United Kingdom Architecture News - Jun 15, 2014 - 11:32   2667 views

Climate Change, Urbanization Put the Squeeze On Housing

Climate change and urbanization are challenging cities in much of the world to find room for responsible housing for residents. 

Rising sea levels repeatedly flood rapidly-growing slum areas, but residents have few options for homes further from coastlines. Floating cities, Dutch architect Koen Olthuis said in his recent TED Talk, could help cities and residents adapt to climate change and urbanization while they alleviate a host of urban ills.
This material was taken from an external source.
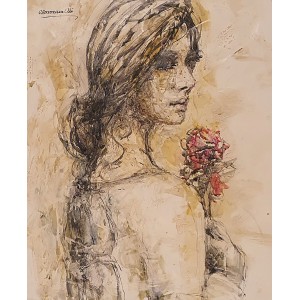 Moazzam Ali, Flower & Flower Series, 20 x 24 Inch, Watercolor on Paper, Figurative Painting, AC-MOZ-154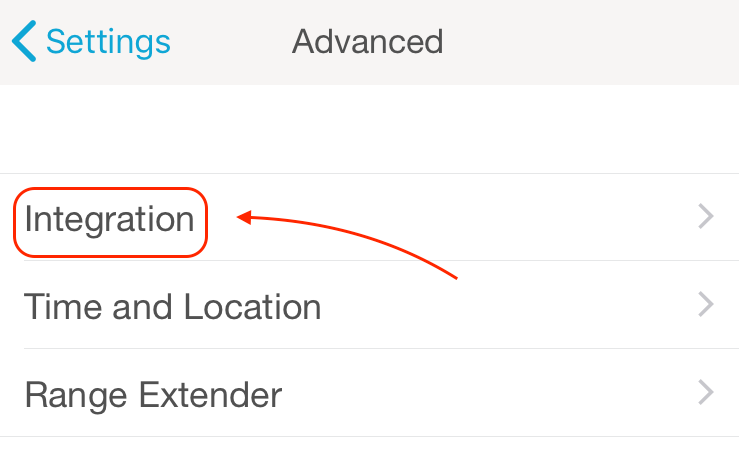 Screenshot of "Integraton" option in advances settings of Lutron mobile app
Eight of the world’s 10 largest cities are located on the coasts, and 70 per cent of the world’s people is expected to live in cities by 2050. As such, it can be a challenge finding adequate room for housing at all levels of affordability in large cities. Olthuis  said two ideas must change in order to enable new solutions: the idea that cities are static, and the idea that cities are full.

In place of the more static cities of the past and present, Olthuis envisions a dynamic city that adapts to change easily.

“In an ideal world, we would have a city that is ready for buildings to change, so each time that something happens you can bring in new buildings,” he said.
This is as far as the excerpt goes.